Experimental program
Comparison scheme
Effect test

Embodiment 1

[0035] (1) Preparation I 3 K polypeptide molecule 4.0mmol / L aqueous solution, ultrasonic mixing, ultrasonic power 100W, ultrasonic time 10min; stand at room temperature for 3 days to make it self-assemble into a long fiber structure, at this time the system cannot form a hydrogel;

[0036] (2) Add GO sheets with a length of 300±200nm, a width of 300±200nm, and a thickness of 1-2nm in the solution containing the long polypeptide fiber structure, so that the concentration of the GO sheet is 0.1mg / mL (that is, every mL Add 0.1mg GO flakes to the solution), mix with ultrasonic, the ultrasonic power is 100W, and the ultrasonic time is 12min; the pH value of the mixed solution is adjusted to 10.5 by using NaOH solution with a concentration of 0.5mol / L, and it is allowed to stand at room temperature for 6 hours to form a hybrid Hydrogels.

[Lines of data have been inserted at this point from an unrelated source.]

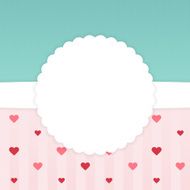 Blue and pink stripped card template with hearts N2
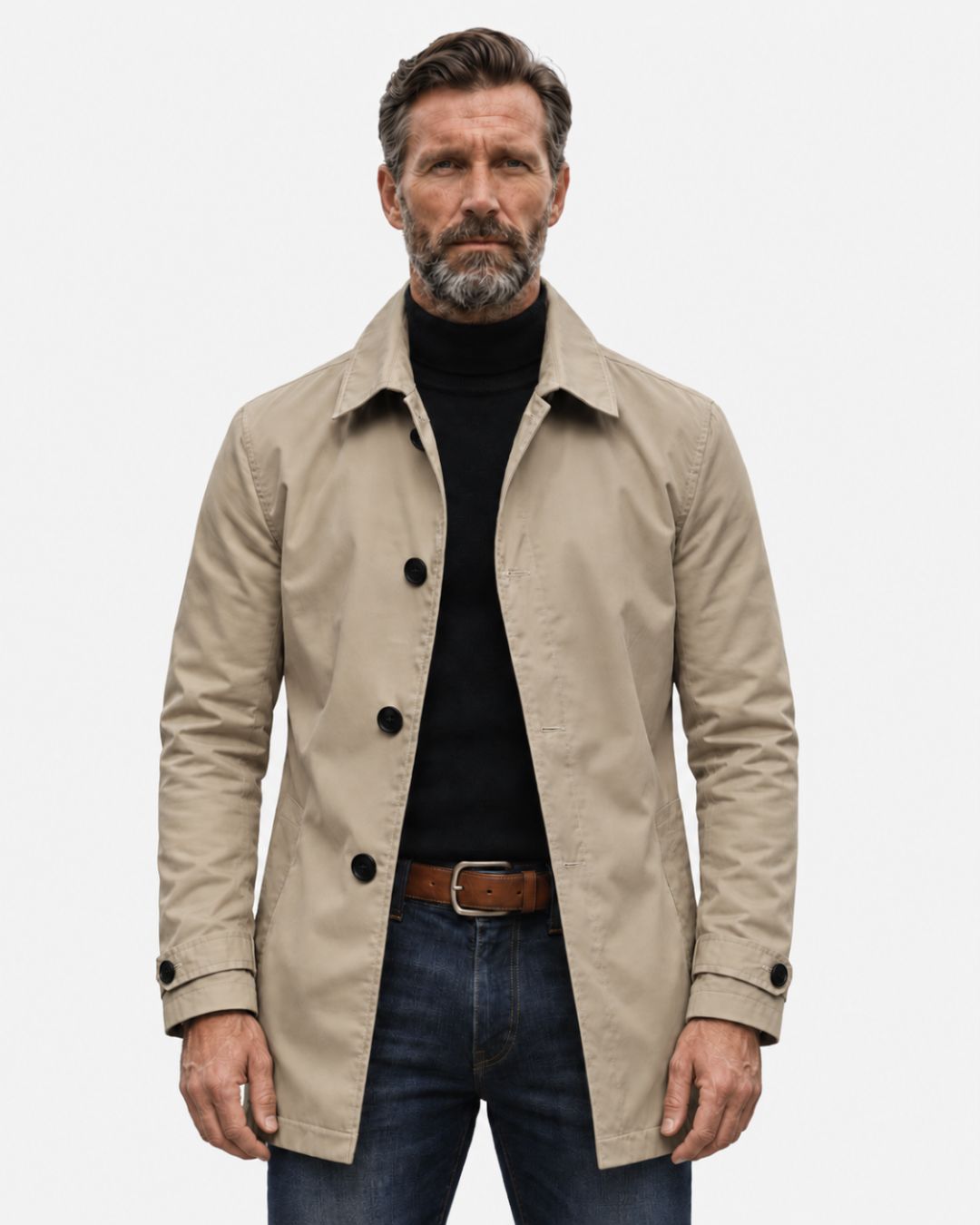 Beige lightweight short trench coat with a button-front, tailored car-coat silhouette and adjustable button cuffs.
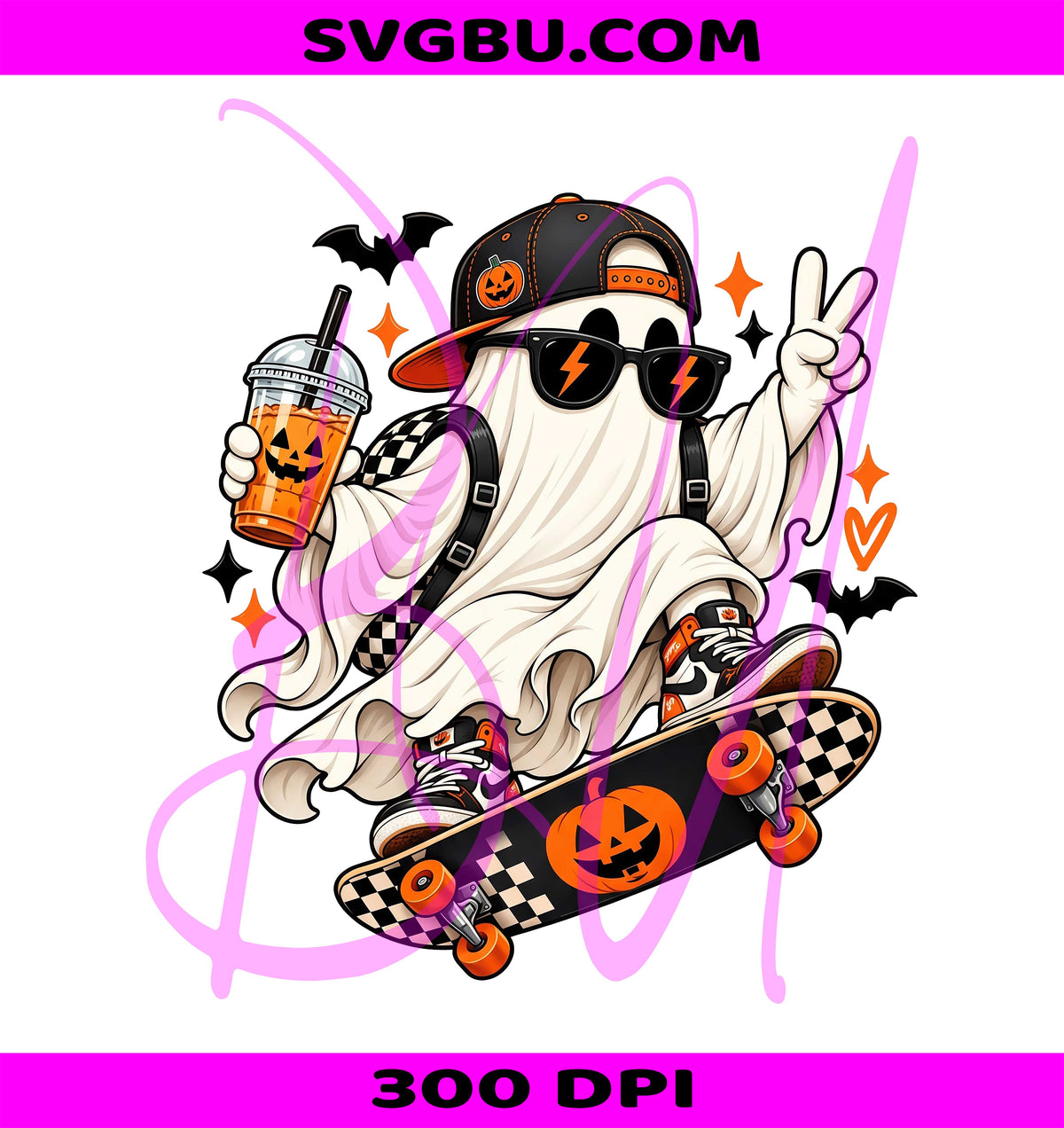 Halloween Ghost Skateboard PNG, Cute Spooky Ghost PNG, Retro Pumpkin Skate PNG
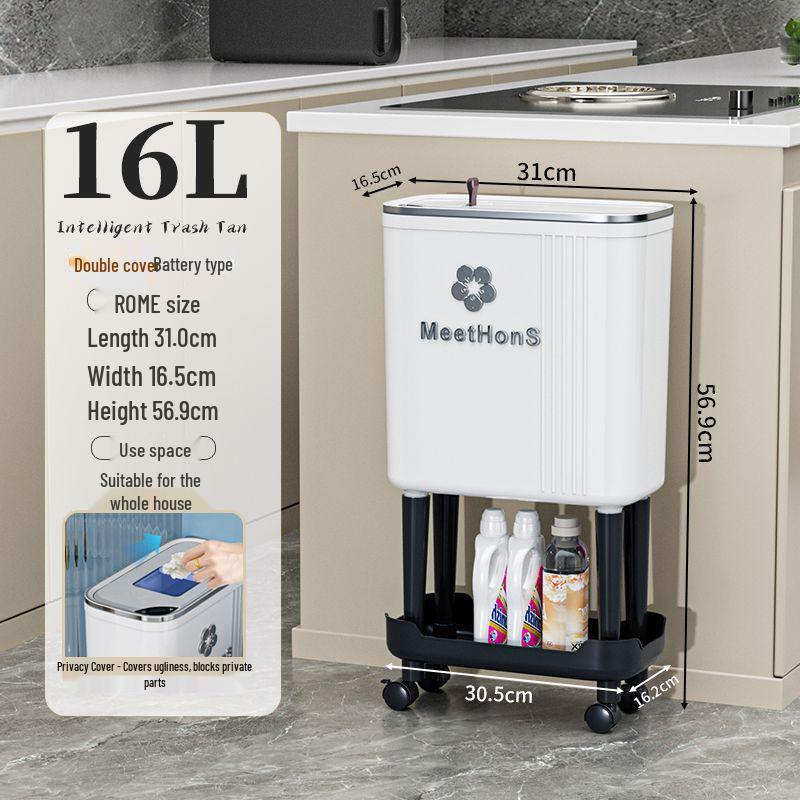 Large Smart Sensor Trash Can with Lid for Kitchen, Living Room, Office, and Bathroom - High-Leg Design & Large Capacity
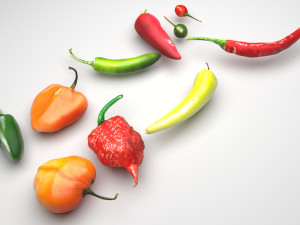 Chili Peppers Set 3D Model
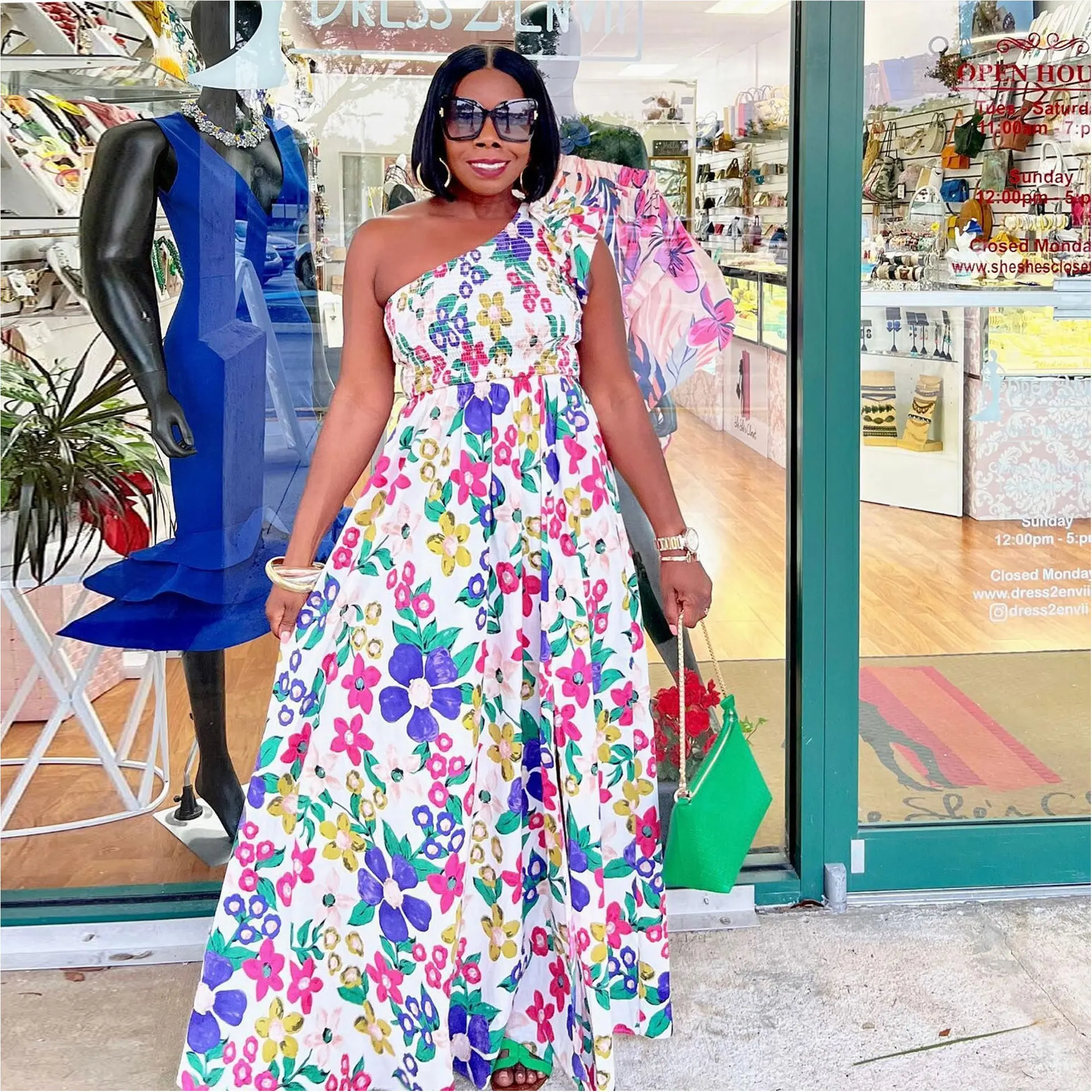 Plus Size Elegant Floral Dress One Shoulder Loose Casual Cloth 2023 Summer Trendy Evening Party New Dress Lady Luxury Long Robes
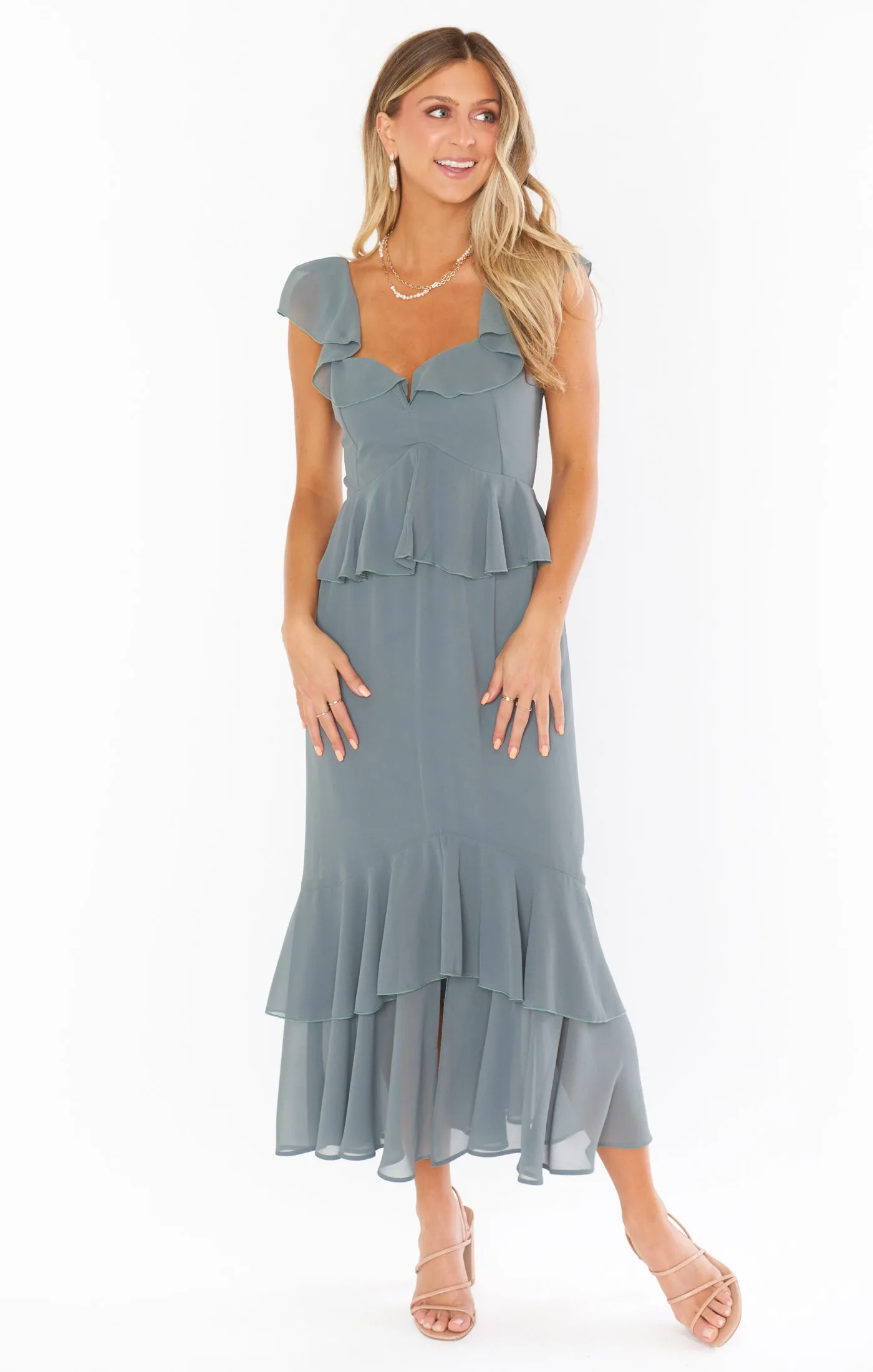 Reese Ruffle Dress ~ Deep Sage Chiffon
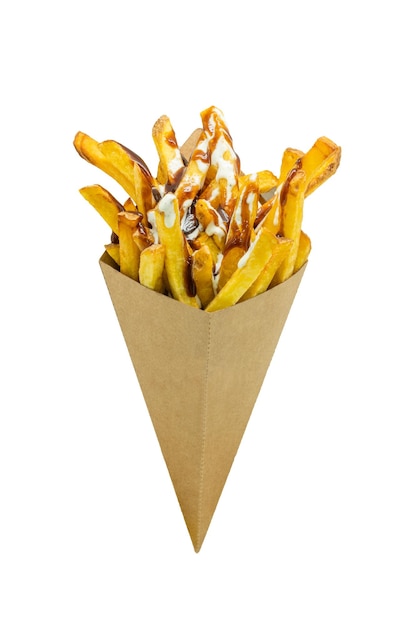 Vertical closeup shot of french fries with sauces in a cardboard cone isolated on a white background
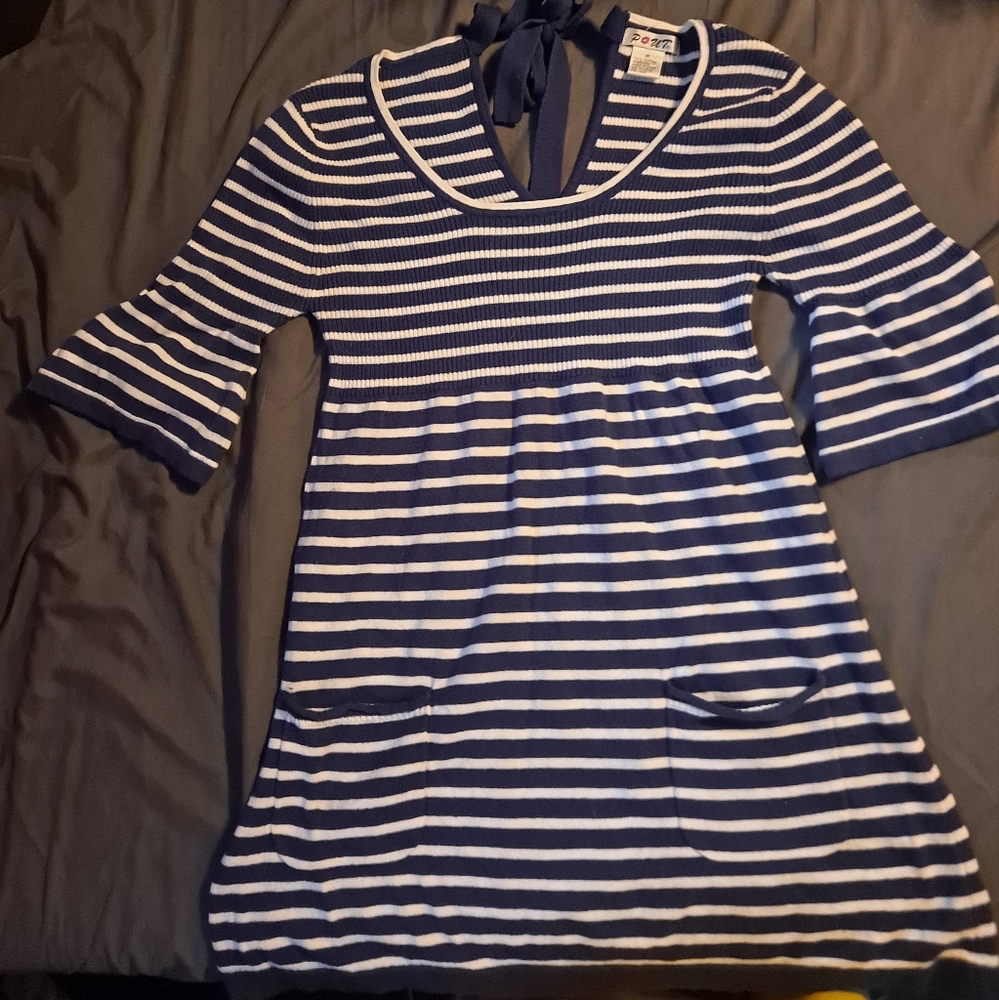 Navy and white striped dress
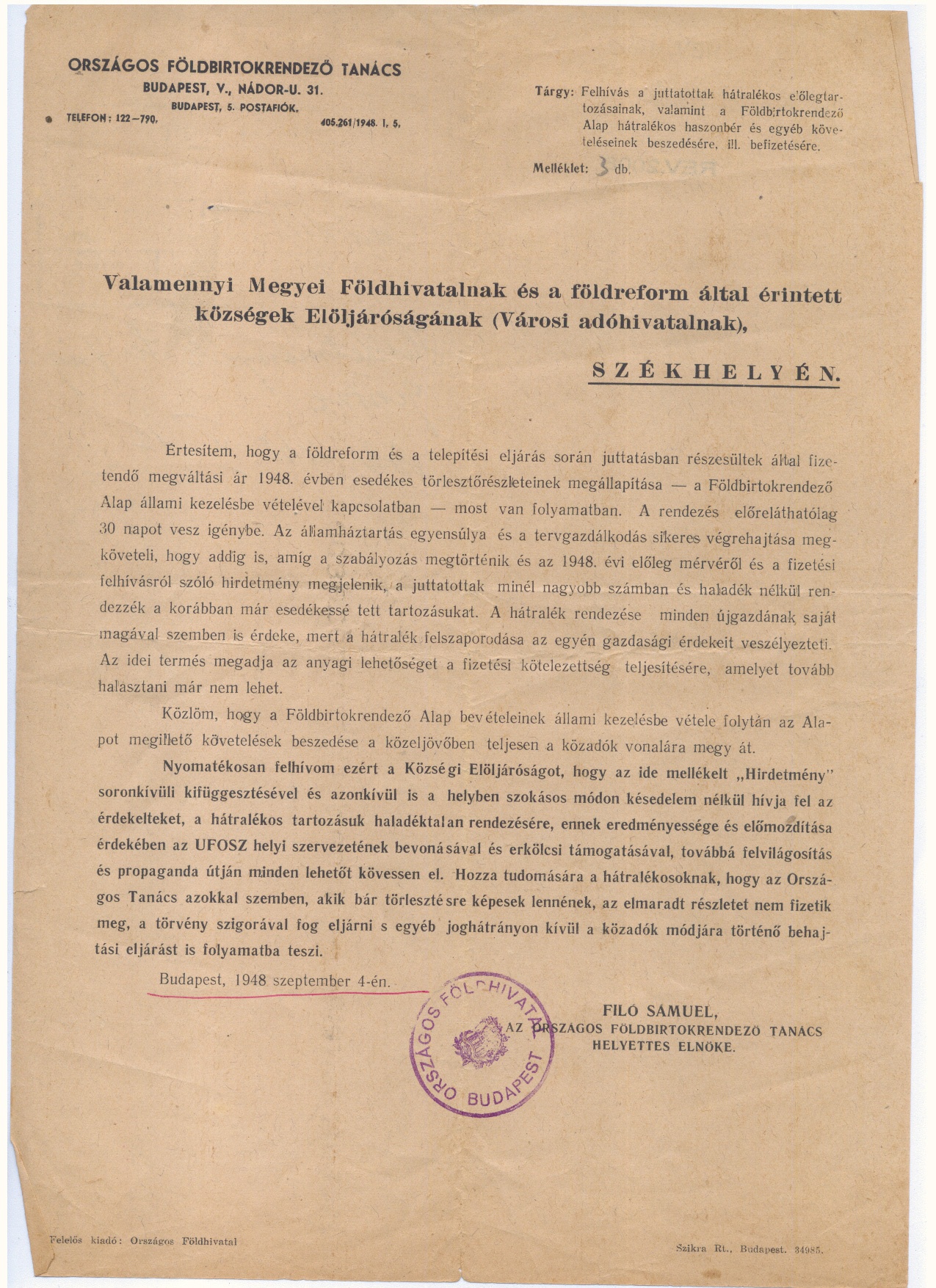 Sokszorosított levél  1948. (Gömöri Múzeum, Putnok CC BY-NC-SA)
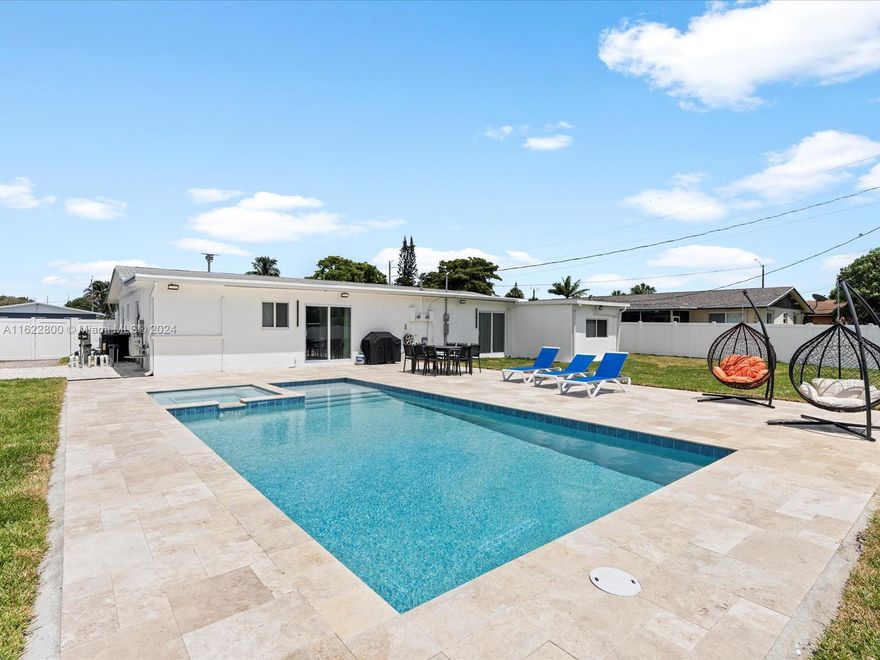 One of a kind duplex with all around upgrades. New Centralized ACs, appliances and tastefully renovated kitchens, bathrooms and floors. Each unit is a true 3 bed, 2 bath with very large, PRIVATE backyards. The backyards are in a league of thieir own comprised of a brand new pool, kids playground (not incl.), expansive turf entertainment. Within walking distances to houses of worship and convenient stores. Located within minutes to main thoroughfares such as Florida Turnpike, 441 S. State Rd, and i-95. Attractions like Hard Rock Guitar Casino & Resort, DOLCE Hotel, Dania Pointe Shopping Center, and top restaurants highlight the area. Ample parking at the front and on the side of the units. Unit 4761 has a pool and unit 4765 has room for one. Full Impact Windows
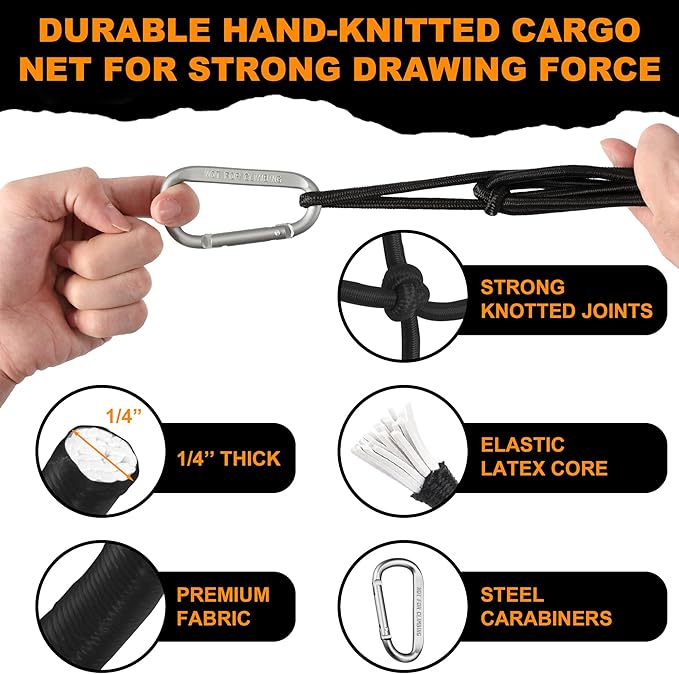 Seven Sparta 5’ x 7’ Bungee Cargo Net Stretches to 10' x 14' for Truck Bed, Pickup Bed, Trailer, Trunk, SUV with 16 Bonus D Clip Carabiners Car Organizer Net for Large Loads (Black, 5'x7')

[0037]The storage modulus (G') of the hydrogel obtained in Example 1 can reach 4000Pa, the energy dissipation modulus (G") can reach 500Pa, and ...

Embodiment 2

[0039] (1) Prepare K 3 A 3 I 3 G 3 V 3 Polypeptide molecule 4.0mmol / L aqueous solution, ultrasonic mixing, ultrasonic power 100W, ultrasonic time 10min; stand at room temperature for 3 days to make it self-assemble into a long fiber structure;

[0040] (2) Add GO sheets with a length of 300±200nm, a width of 300±200nm, and a thickness of 1-2nm to the above-mentioned long fiber structure solution, so that the concentration of the GO sheet is 0.02mg / mL, ultrasonically mix, and the ultrasonic power 100W, ultrasonic time is 10min; use 0.5mol / L NaOH solution to adjust the pH of the mixed solution to 10.0, and let it stand at room temperature for 6 hours to form a hybrid hydrogel.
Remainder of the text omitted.